見なければいけないと思う現実がお互いで違っている。(お互いで宗教が違うようなもの)
「見なければいけない現実」は、ひとまず制度的・権力的に、あるいは惰性で、だいたい決められている。「これさえ見ておけば文句は出ない」という現実の範囲や枠組みがある。
倫理的に「見なければならない現実」はその制度の枠外にあるが*1、「見なければならない現実」は、たいてい不愉快なものであり、それを見る努力を共有しようと押し付けることは、ヘタをすると迷惑行為であり得る。
私は、自己分析的な姿勢を自分の努力のコアにしている。しかし「自己分析」は、多くの人にとって*2不快の極みでもある。ほとんどの人は、自分の不都合な現実を見ようとしない。
誰かがしんどい現実を見ようとしないことで、ほかの誰かにひどい皺寄せがいく。「迷惑だから、この現実を見ろ!」と言いつのることは、相手にとっては迷惑でしかない。そこを調整するのは、政治や法の問題になる。
ひきこもっている人に、「現実を見ろ!」と押し付けることは、ひどい迷惑行為であり得る。しかし、扶養する負担を押し付けられている家族ならば、言う権利があるかもしれない*3。――第三者が「現実を見ろ!」と言うのは、どんな正当性を持つのか。(相手に現実を突きつけた人間が、自分の現実からは目をそらしていることがあり得る。ひきこもっている本人にもありがち。)

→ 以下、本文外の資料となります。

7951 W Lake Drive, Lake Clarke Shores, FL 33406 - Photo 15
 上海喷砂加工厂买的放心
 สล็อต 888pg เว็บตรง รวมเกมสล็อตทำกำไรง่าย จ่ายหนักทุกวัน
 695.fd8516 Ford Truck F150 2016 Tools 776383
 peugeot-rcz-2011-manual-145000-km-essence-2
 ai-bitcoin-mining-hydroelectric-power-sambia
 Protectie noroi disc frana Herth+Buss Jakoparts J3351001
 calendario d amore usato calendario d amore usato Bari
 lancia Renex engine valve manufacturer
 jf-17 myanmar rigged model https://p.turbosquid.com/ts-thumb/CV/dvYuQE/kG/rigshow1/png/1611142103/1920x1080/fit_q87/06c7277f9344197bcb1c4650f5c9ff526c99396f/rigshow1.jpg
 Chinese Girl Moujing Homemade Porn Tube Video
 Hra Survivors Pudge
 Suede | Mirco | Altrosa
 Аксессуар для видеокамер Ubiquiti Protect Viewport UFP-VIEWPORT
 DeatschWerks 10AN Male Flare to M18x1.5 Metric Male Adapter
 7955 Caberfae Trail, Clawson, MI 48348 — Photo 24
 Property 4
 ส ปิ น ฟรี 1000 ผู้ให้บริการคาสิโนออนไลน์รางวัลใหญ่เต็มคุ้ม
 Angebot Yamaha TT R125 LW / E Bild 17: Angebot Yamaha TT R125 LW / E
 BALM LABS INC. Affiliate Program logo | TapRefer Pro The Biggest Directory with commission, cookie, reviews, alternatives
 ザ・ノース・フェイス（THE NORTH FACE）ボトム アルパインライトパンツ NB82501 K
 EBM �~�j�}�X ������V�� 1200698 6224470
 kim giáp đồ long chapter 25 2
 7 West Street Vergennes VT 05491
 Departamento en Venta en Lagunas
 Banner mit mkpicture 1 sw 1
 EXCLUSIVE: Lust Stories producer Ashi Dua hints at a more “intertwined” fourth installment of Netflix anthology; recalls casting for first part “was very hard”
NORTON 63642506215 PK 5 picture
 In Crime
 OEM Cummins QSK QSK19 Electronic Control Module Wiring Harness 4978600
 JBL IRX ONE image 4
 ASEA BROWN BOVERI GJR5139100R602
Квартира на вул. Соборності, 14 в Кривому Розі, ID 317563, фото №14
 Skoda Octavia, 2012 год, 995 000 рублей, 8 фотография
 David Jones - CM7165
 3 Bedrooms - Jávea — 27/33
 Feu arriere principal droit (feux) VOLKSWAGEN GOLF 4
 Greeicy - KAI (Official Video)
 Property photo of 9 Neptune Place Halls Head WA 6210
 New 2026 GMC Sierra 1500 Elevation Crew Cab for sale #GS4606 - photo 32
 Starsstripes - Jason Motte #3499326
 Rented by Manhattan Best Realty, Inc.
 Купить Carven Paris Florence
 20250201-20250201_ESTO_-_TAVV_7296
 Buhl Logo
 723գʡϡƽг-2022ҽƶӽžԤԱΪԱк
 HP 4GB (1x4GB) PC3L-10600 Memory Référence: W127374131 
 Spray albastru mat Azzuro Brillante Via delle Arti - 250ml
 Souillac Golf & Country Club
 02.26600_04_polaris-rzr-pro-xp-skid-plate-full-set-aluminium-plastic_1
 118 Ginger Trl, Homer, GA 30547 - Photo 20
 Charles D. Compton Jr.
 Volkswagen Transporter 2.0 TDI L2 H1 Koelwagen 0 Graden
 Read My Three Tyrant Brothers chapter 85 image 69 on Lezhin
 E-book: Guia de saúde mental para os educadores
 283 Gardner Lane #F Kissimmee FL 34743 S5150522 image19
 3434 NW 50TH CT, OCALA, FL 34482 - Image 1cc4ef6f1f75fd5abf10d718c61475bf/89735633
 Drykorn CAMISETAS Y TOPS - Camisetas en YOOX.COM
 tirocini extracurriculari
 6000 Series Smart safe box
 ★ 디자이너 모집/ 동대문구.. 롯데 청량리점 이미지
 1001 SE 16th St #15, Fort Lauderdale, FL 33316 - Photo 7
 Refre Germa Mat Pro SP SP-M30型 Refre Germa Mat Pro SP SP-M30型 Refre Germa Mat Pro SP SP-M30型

労働は、「現実を直視すること」を含む。労働とは、「誰かが見なければならない現実を、代わりに見ること」に思える。そうではなくて、「誰かが現実を直視するのを助けるための労働」というのは、ないのだろうか。
私が今のようなやり方で生きていることは、誰かにとって不愉快な現実であり得る。どこまでどんな現実を見れば、私は赦されるのか。





*1:あるいは、「視線の制度」そのものを分析する必要がある。 【参照:「『メディアを疑うこと』を疑うこと」(北田暁大)】

*2:私自身にとっても

*3:扶養を押し付けられることは、たいてい迷惑だ。